Meanwhile the sound of the great war-drums was drawing ever nearer.

Suddenly, while the mêlée was still proceeding, the spahis saw as in a dream, a great company of negroes passing by over the hill; warriors half naked, covered with grigris, were doubling in the direction of Dialdé in disorderly hordes. They had with them enormous war-drums, which four men together could hardly drag along. Their lean desert horses, seemingly full of fire and fury, were decked with tawdry harness, spangled with copper, their long tails and manes stained blood-red. It was a fantastic, demoniac procession, an African nightmare, swifter than the wind.

Boubakar-Ségou was passing.

He was on his way to hurl himself on the French forces.

He passed, paying no attention to the spahis, leaving them to the body of men who had lain in ambush for them, and were completing the work of exterminating them.

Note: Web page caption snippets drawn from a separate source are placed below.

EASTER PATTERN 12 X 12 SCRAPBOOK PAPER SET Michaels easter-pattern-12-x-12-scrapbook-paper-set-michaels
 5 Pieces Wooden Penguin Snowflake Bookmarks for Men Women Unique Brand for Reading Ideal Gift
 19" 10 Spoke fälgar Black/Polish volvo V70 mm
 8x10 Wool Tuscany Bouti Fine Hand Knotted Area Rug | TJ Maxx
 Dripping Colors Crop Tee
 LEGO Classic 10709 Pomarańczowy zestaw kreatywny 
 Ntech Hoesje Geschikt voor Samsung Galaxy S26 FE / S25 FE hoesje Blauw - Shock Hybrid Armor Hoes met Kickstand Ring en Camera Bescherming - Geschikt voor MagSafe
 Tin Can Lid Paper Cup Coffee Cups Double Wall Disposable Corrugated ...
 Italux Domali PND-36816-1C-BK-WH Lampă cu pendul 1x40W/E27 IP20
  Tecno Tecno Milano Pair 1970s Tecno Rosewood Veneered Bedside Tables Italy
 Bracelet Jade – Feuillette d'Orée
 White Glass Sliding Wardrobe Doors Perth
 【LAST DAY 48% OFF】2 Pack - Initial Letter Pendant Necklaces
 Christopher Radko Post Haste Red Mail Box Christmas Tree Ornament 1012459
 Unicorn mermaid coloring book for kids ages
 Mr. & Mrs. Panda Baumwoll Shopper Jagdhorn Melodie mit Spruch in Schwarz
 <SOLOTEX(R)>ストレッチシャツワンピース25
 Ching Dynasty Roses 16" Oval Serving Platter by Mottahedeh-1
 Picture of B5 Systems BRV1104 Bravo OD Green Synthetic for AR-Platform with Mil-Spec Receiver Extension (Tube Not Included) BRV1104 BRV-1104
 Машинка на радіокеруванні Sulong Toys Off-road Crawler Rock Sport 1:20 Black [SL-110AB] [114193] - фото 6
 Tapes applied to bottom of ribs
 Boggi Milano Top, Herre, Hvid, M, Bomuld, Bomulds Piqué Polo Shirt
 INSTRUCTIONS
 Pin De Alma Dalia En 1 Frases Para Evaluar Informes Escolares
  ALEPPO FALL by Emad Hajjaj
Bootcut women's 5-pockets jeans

The spahis were being driven steadily back, away from the grass and water on to the arid sands, where a more overwhelming heat and an intenser glare would the sooner exhaust them.

No one had had time to reload. They fought with knives, sabres, nails, and teeth; there were many gaping wounds and bleeding bodies.

Two negroes had made a ferocious attack on Jean. He was stronger than they. In his fury he hurled them to earth time after time, but they always came back at him.

In the end his hands, slipping in blood, could no longer obtain a grip on the black, oily naked skins, and all the time his strength was ebbing because of his wounds.